Gürcistan'ın incisi Batum sadece bir tatil şehri değil, aynı zamanda tükenmez bir cazibe deposudur. Ayrıca, hem yetişkinlerin hem de çocukların ilgisini çekeceklerdir. Sıra dışı binalar, güzel parklar, hayvanat bahçesi ve yunus akvaryumu, meydanlar ve setler, anıtlar ve tapınaklar. Tüm güzellikleri ve eşsiz yerleri keşfetmek için bir hafta yeterli değil. Ancak sadece 24 saatiniz varsa, önemli ve ilginç bir şeyi kaçırmamak için bir gün içinde Batum'da ne göreceğinizi size söyleyeceğiz. Rehberimizin yardımıyla ilgi alanlarınızı göz önünde bulundurarak bir rota oluşturabileceksiniz.
Teleferik "Argo"
Bu nesneyle tanışmaya başlamak en uygunudur. Argo teleferiği 2013 yılında hizmete açılmıştır. Alt istasyon Gogebashvili Caddesi'nde yer almaktadır. Feria Dağı'na (250m) yolculuk yaklaşık 10 dakika sürer. 6 kişilik 9 cam kabinden biri sizi üst kata çıkaracaktır. Yükseliş sırasında yolcular yumuşak banklara otururlar. Kapılar otomatik olarak açılır ve kapanır.
Üst katta şunları bulacaksınız: bir gözlem güvertesi (şehre hayran kalabilirsiniz veya dürbün için ödeme yapabilirsiniz), bir tapınak, bir kafe ve birkaç dükkan. Burada fiyatlar yüksek, pek çok turist yanlarında su ve yiyecek getirmeyi tercih ediyor. Teleferik sabah 11'den gece yarısına kadar çalışır. Biri gündüzleri yukarı çıkmak ister, biri akşam ışıklarıyla aydınlanan Batum'u görmek ister. En iyi seçenek, her iki geziyi de yapmak ve ardından şehrin günün hangi saatinde daha güzel göründüğüne karar vermektir.
Orta-Cami Camii
Gürcistan'da İslam'ı kabul eden yaklaşık 450 bin kişi yaşıyor. Başkenti Batum olan Acara'da çok sayıda Müslüman var. Orta-Jami Camii 1886 yılında inşa edilmiştir.
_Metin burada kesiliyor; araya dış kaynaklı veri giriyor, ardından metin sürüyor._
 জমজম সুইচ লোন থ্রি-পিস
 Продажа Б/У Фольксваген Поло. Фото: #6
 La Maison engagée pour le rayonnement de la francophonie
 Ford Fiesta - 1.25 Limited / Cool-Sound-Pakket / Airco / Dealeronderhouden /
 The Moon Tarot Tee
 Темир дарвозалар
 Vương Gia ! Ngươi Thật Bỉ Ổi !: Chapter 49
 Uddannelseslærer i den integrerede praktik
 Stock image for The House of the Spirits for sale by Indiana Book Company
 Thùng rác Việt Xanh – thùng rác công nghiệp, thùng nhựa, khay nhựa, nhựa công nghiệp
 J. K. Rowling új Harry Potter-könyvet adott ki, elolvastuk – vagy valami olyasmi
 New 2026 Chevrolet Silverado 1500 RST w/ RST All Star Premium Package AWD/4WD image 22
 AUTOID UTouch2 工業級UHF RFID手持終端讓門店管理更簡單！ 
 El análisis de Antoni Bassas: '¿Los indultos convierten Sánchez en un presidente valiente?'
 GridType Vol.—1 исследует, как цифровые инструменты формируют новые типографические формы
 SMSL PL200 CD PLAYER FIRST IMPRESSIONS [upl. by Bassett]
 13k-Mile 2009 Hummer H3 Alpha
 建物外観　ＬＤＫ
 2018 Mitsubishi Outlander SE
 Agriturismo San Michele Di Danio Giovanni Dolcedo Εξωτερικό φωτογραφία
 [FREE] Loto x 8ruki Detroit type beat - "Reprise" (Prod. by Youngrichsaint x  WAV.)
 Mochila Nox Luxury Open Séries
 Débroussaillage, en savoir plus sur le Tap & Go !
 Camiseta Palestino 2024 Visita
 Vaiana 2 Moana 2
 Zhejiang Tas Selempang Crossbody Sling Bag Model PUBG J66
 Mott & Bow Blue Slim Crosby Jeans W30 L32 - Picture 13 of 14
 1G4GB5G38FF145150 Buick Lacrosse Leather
Orta, ortadaki demektir. Yeni cami, mevcut iki caminin arasında bulunuyordu: Azize Jami ve Ahmed Pasha Jami. İnşaatı için para, Khimshiashvili hanedanının temsilcileri tarafından verildi. Elbette Sovyet iktidarının gelmesinden sonra cami, hemen hemen tüm kiliseler, sinagoglar, kiliseler gibi kapatıldı.
1946 yılında yeniden açılmış ve 90'lı yıllarda restore edilmiştir. 20. yüzyılın sonunda burada bir minare ortaya çıktı. Bugün cami çok güzel. Turistler kemer şeklindeki girişin fotoğraflarını çekiyor, binayı içeriden süsleyen oryantal süslemelere hayran kalıyor. Dini hizmetler burada yapılır. Müslüman ailelerin çocukları, dinlerinin tarihini öğrenmek, Kuran'ı tanımak için camiye geliyorlar.
Piazza
Ünlü Venedikli San Marco'nun küçük kız kardeşi "İtalyan meydanı" nasıl oldu da Gürcistan'da ortaya çıktı? Yazarı mimar Vazha Orbeladze'dir. Açıkçası, proje üzerinde çalışırken başarıya gerçekten inanmıyordu. Ancak Piazza, Gürcistan'ın en güzel meydanlarından biri haline geldi ve burada birçok etkinlik gerçekleşiyor. Ve tüm turistler burayı ziyaret etmeye çalışıyor.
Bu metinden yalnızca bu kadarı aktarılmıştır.